Records contained in a dataset
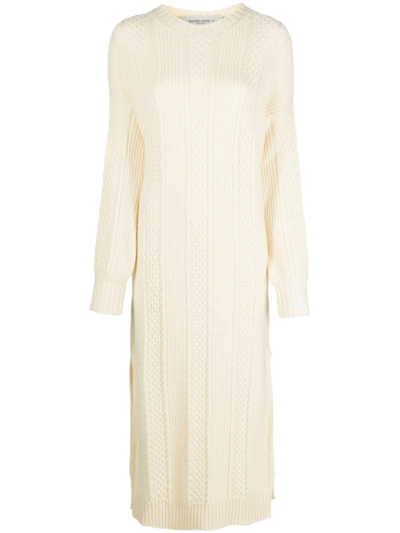 Golden Goose Crewneck Cable-knit Maxi Sweater Dress In Lambs Wool Sassfrass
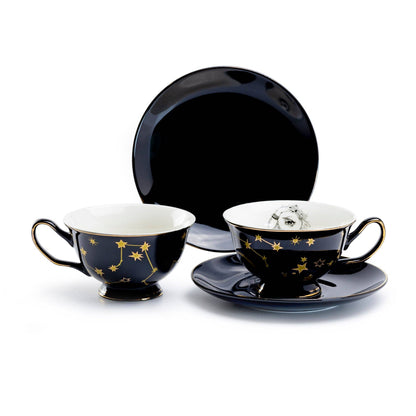 Crystal Ball Astrology Black & Gold Tea Cup and Saucer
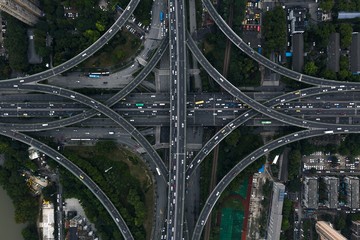 The Shuangqiao Overpass in Nanjing City in the Night Seen from Above
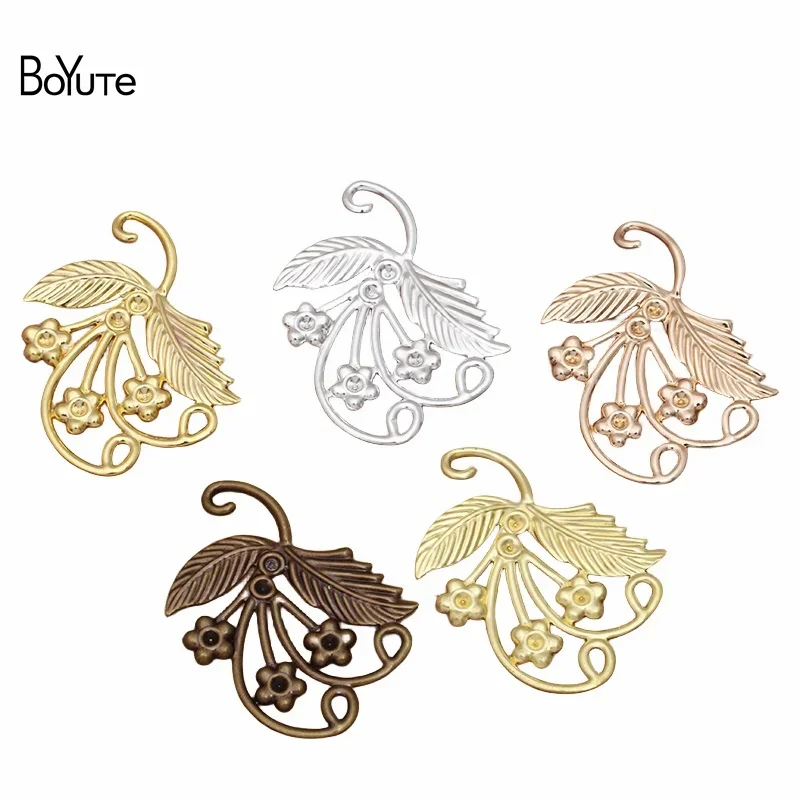 

BoYuTe (50 Pieces/Lot) 28*37MM Metal Brass Stamping Flower Materials Diy Hand Made Jewelry Accessories Wholesale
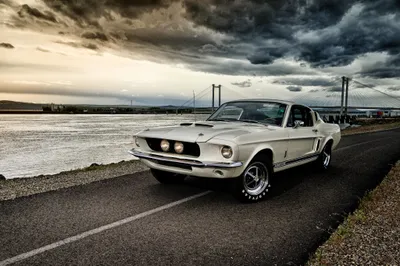 Moody Silver Wallpaper Cars Wallpaper 4K 4096x2720 Silver, Ford, Shelby, Gt350, Fastback, Muscle, Car, Parked, Waterfront, Road, Under, Dramatic, White, Ultrawide, 4k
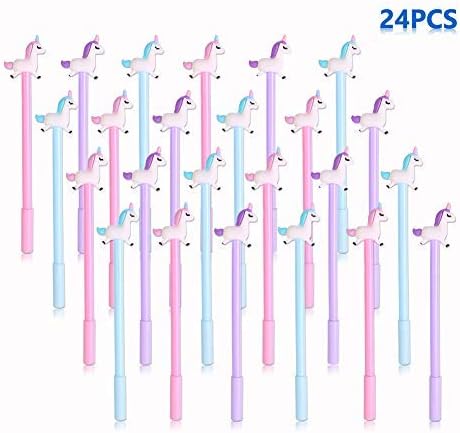 Creative Unicorn Pen Lovely Black Gel Ink Refills Ballpoint Pens Kawaii Cute Animal Rollerball Fine Point Roller Ball Drawing Wring Escolar Stationery Gift, 24Pcs Bulk Arkin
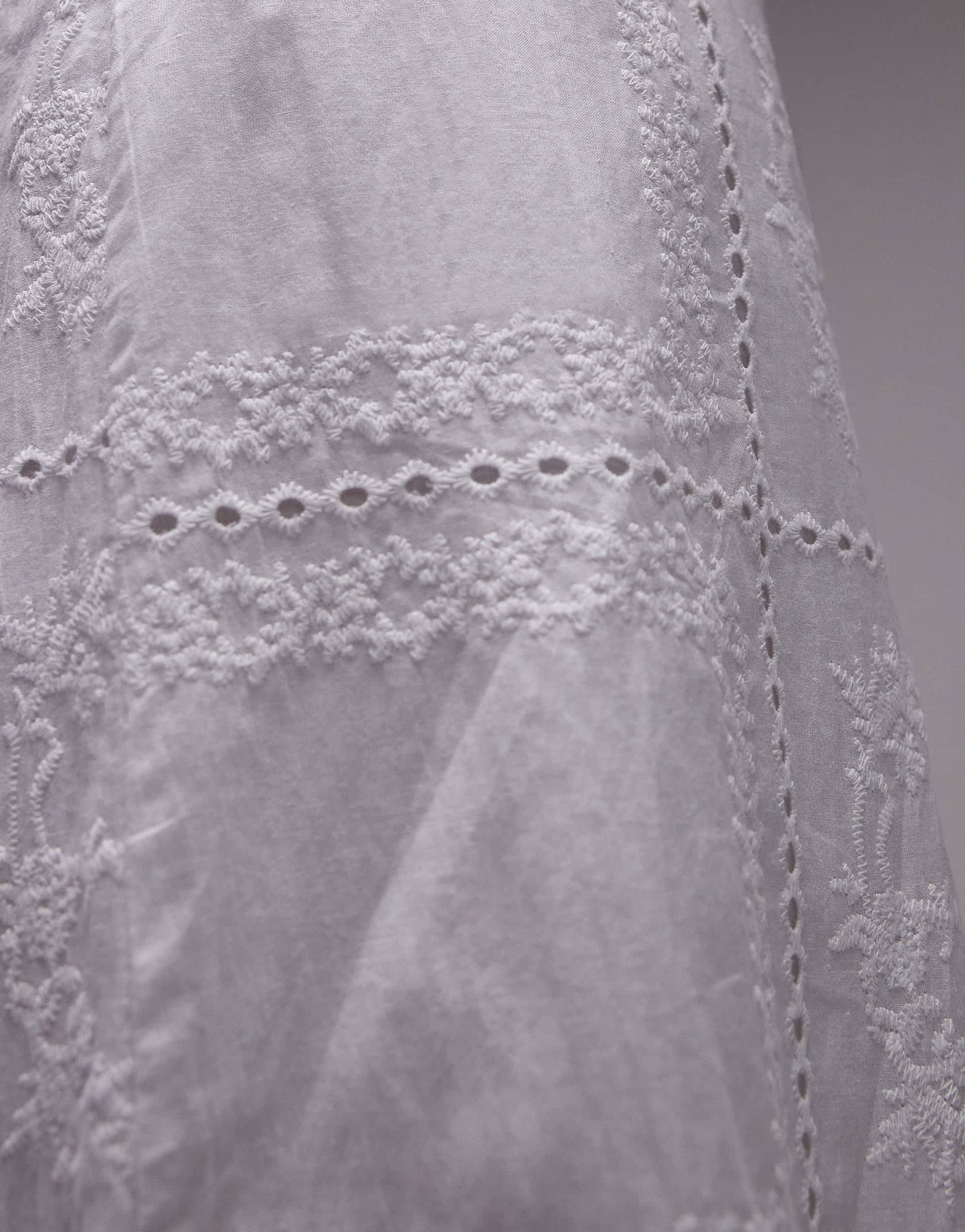 SNDYS cotton embroidered drape detail midaxi skirt co-ord in white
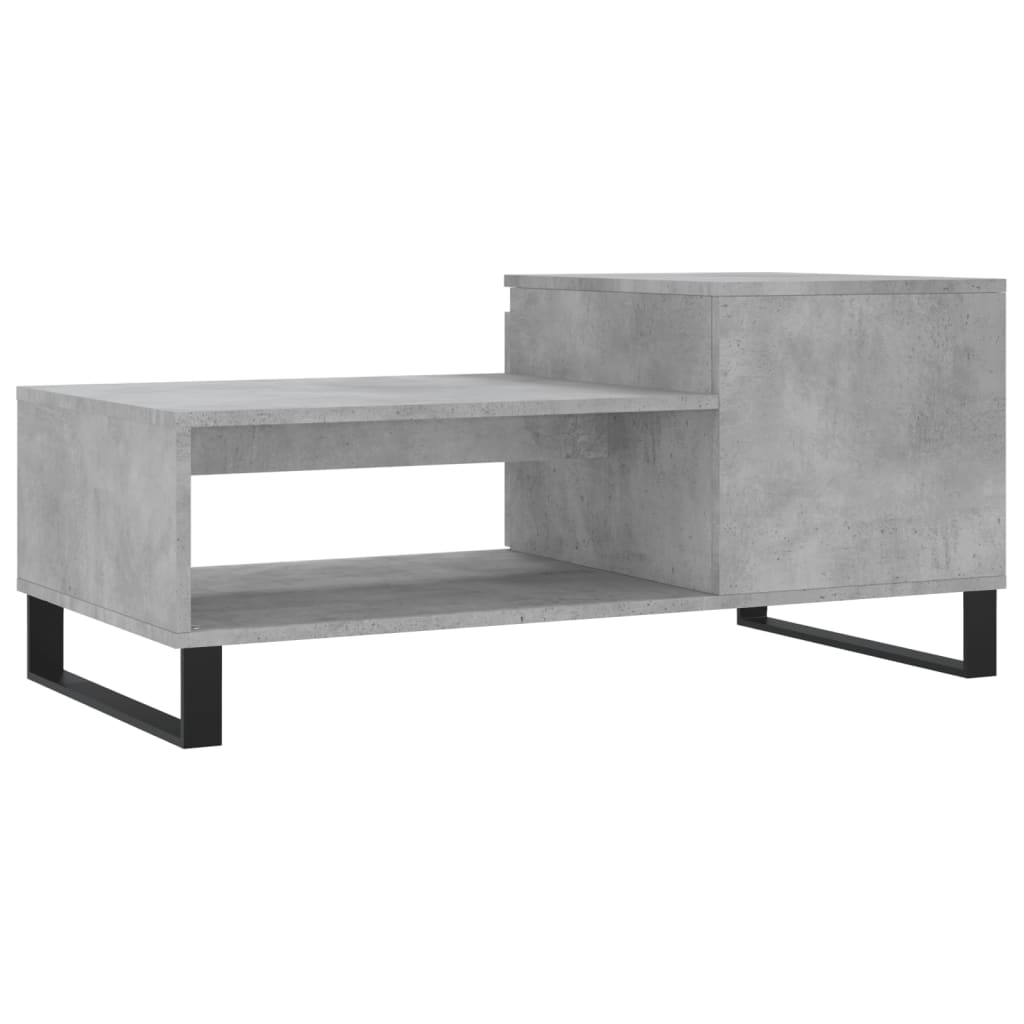 Table basse gris béton 100x50x45 cm en bois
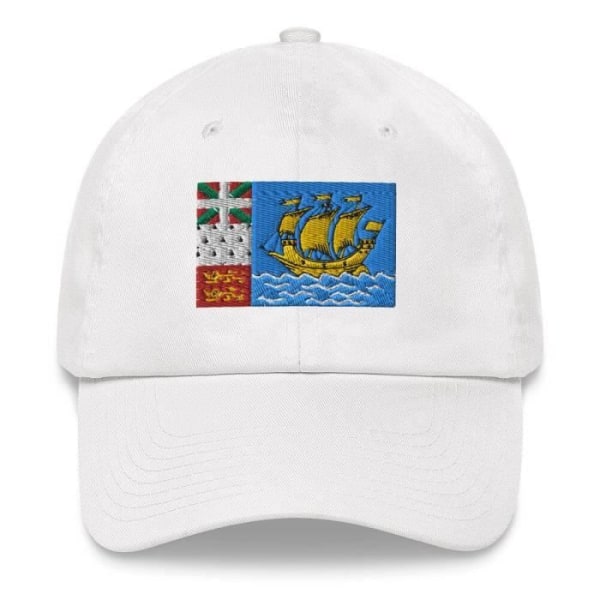 Saint Pierre og Miquelon Flag Cap Hvid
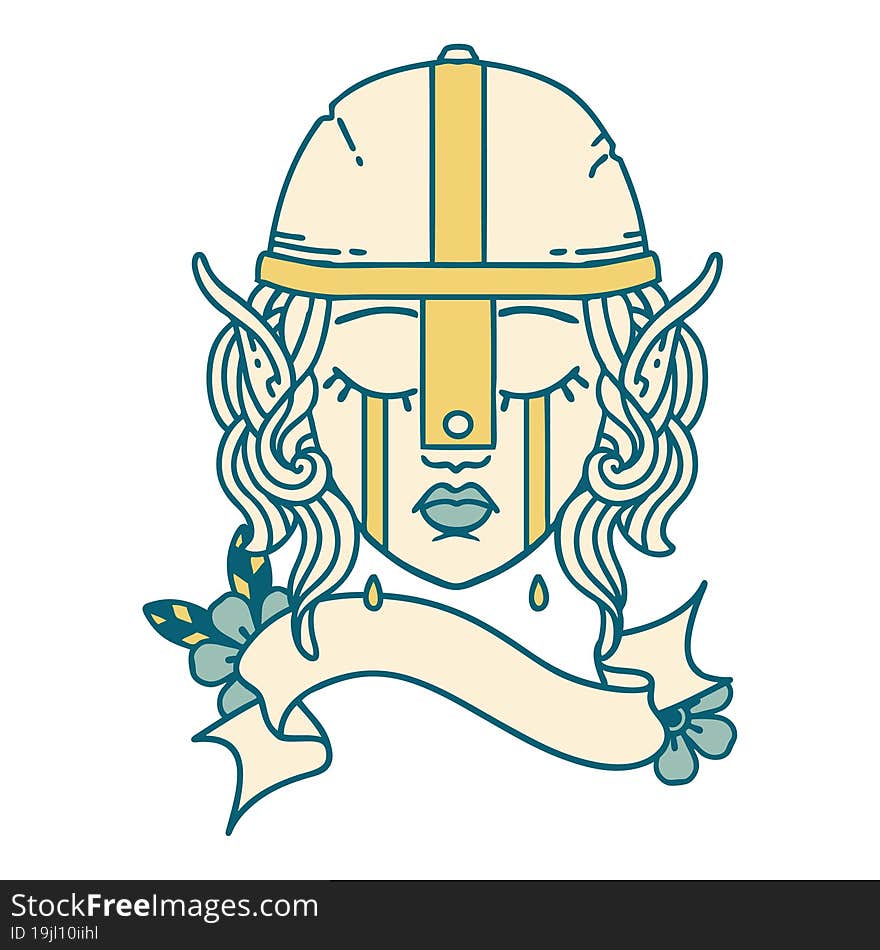 Crying Elf Fighter Character Face Illustration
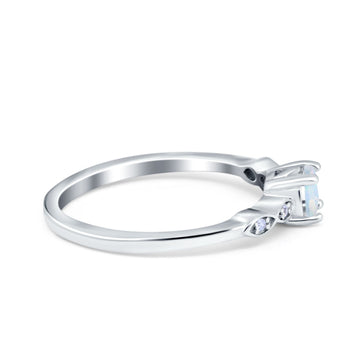 Petite Dainty Wedding Ring Round Lab Created White Opal 925 Sterling Silver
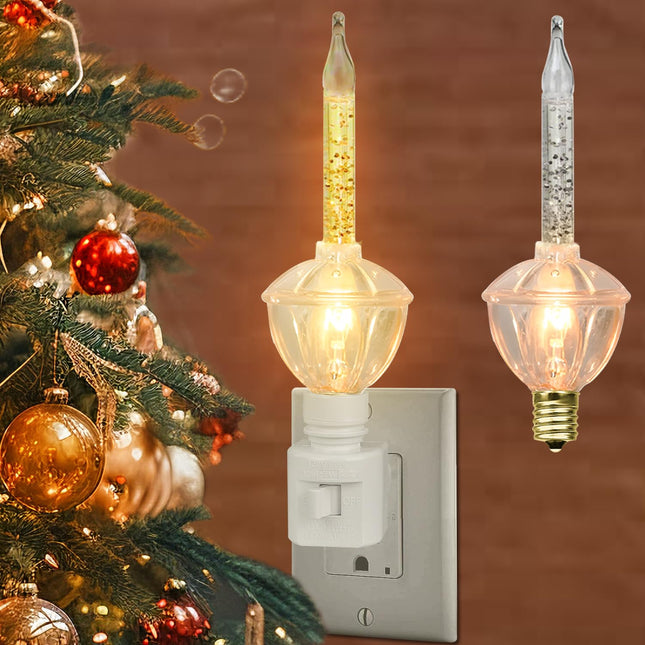 Christmas Bubble Light Night Lights, 2 Vintage Clear Bubble Light Bulb with Silver Glitter and Gold Glitter Fluid 5W C7/ E12 Candelabra Base, 1 Pack
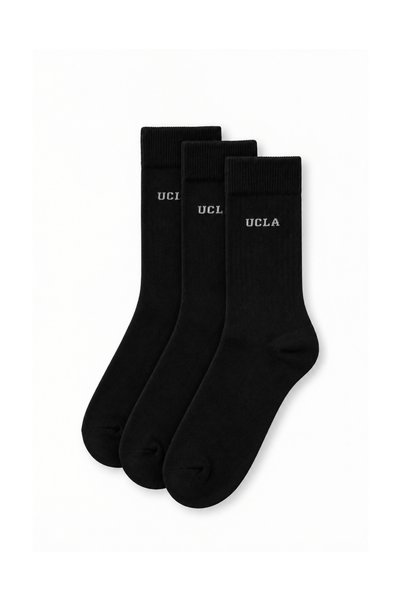 UCLA SILVIUS 3'Lü Siyah Uzun Pamuklu Jakarlı Standard Fit Unisex Çorap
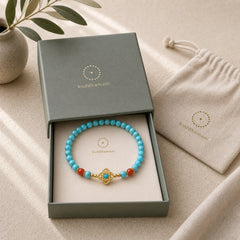 Turquoise Bead Protection Balance Bracelet featuring Turquoise, Red Agate, Copper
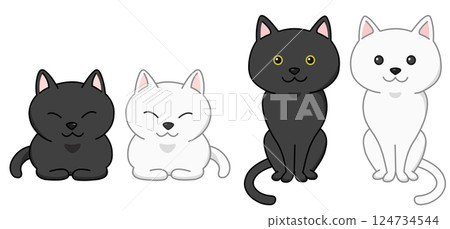 Black cat and white cat 124734544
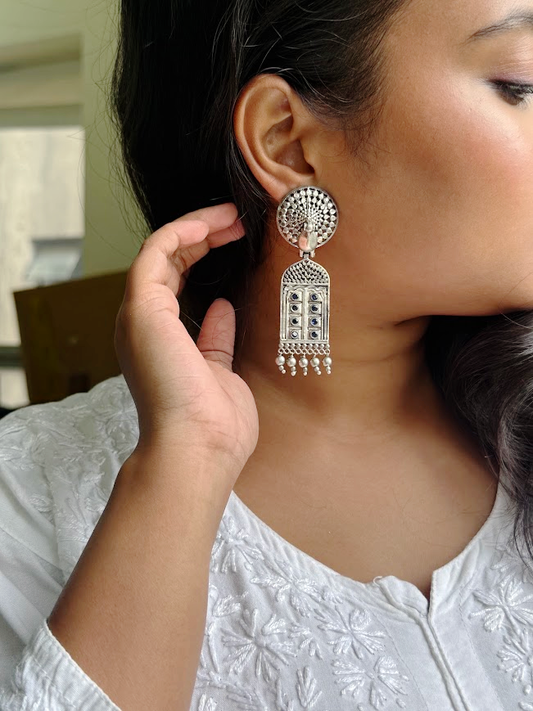 Oxidized Blue Peacock Jharokha Brass Earrings
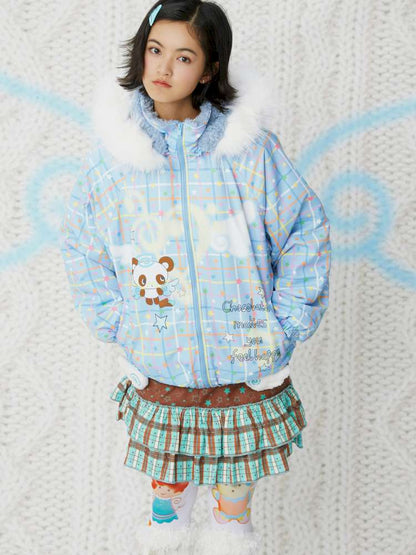 Print Blue Brown Hooded Cotton Suit【s0000014854】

■ **Directions for this task**:
Reproduce, word for word, every line from the one that contains "Saint Pierre og Miquelon Flag Cap Hvid" to the end of the data, including both ends; omit all pictures.

■ **Written solution**:
 Saint Pierre og Miquelon Flag Cap Hvid
 Crying Elf Fighter Character Face Illustration
 Petite Dainty Wedding Ring Round Lab Created White Opal 925 Sterling Silver
 Christmas Bubble Light Night Lights, 2 Vintage Clear Bubble Light Bulb with Silver Glitter and Gold Glitter Fluid 5W C7/ E12 Candelabra Base, 1 Pack
 UCLA SILVIUS 3'Lü Siyah Uzun Pamuklu Jakarlı Standard Fit Unisex Çorap
 Turquoise Bead Protection Balance Bracelet featuring Turquoise, Red Agate, Copper
 Black cat and white cat 124734544
 Oxidized Blue Peacock Jharokha Brass Earrings
 Print Blue Brown Hooded Cotton Suit【s0000014854】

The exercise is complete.